Guest post via Gold Silver Worlds.

People tend to forget quickly and fail to learn from history. As George Bernard Shaw once said : “What we learn from history is that  people don’t learn from history.” So it’s worth one’s time to look back to the past and learn what others before us learnt sometimes the hard way.

As far as Gold’s role in our monetary system is concerned, the most recent learnings and insights come from “the Bretton Woods period”. Apart from being a nice resort in the mountains, Bretton Woodsstands for the agreements that created a new world monetary system in 1944. Courtesy of Scott Minerd, chief investment officer of Guggenheim Partners, who wrote the short but very powerful paper (bottom of this article), full of insights from monetary history. The learnings should be used by all of us, including our economic and political leaders.

Scott Minerd writes:

The early success of Bretton Woods, which relied upon weak currencies to successfully promote exports looks surprisingly similar to the policies being practiced by central banks around the world today. Some have referred to the current policies in foreign exchange markets as Bretton Woods II. Although not officially acknowledged, central banks are once again tacitly pegging their currencies to the dollar. As the U.S. is expanding its monetary base through quantitative easing (QE), other countries have few options but to join this race to the bottom. This situation is as unsustainable today as it was in the 1960s.
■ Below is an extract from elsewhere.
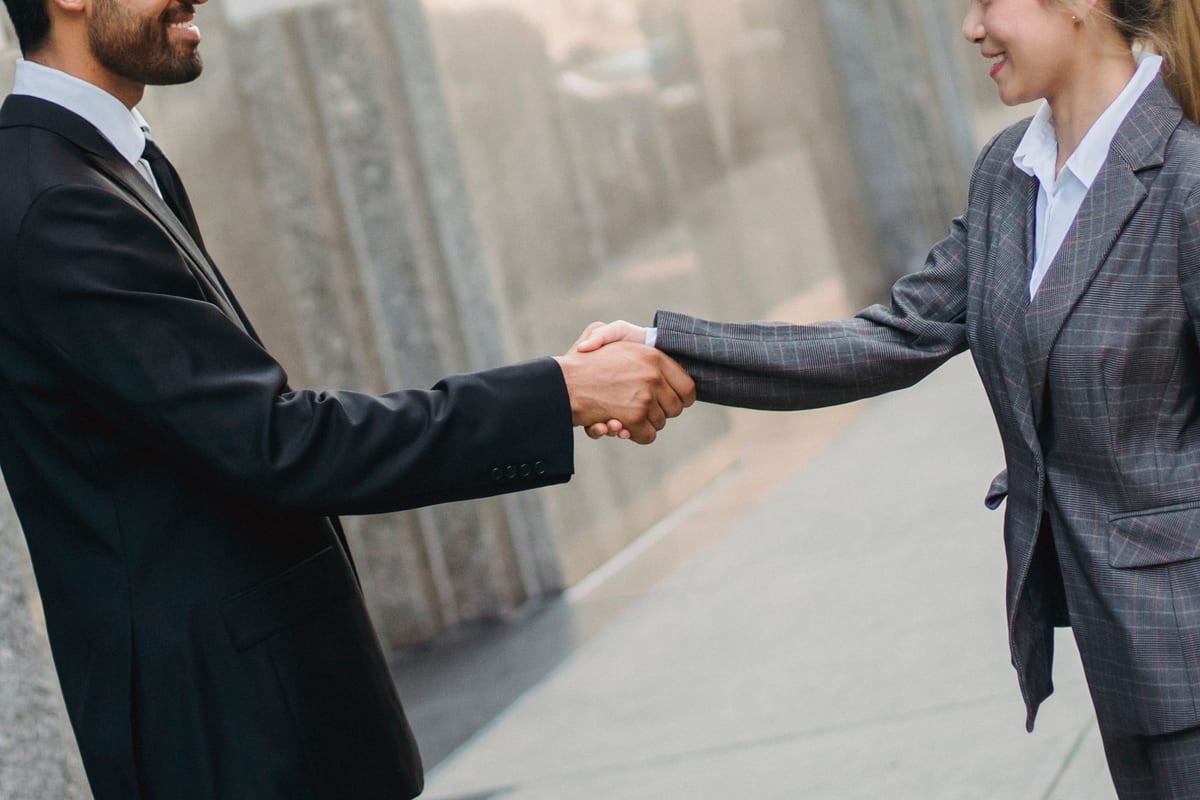 Man and woman in business attire shaking hands outdoors.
Gold was an important component of the Bretton Woods system. As a monetary anchor, it provided stability for the dollar as a global reserve currency. With the demise of gold convertibility under Bretton Woods, global price stability began to unravel. After being depegged from its official price of $35 per ounce in 1971, gold rose by more than 2,000% over the next 10 years. Investors migrate to gold when currencies no longer function as good stores of value.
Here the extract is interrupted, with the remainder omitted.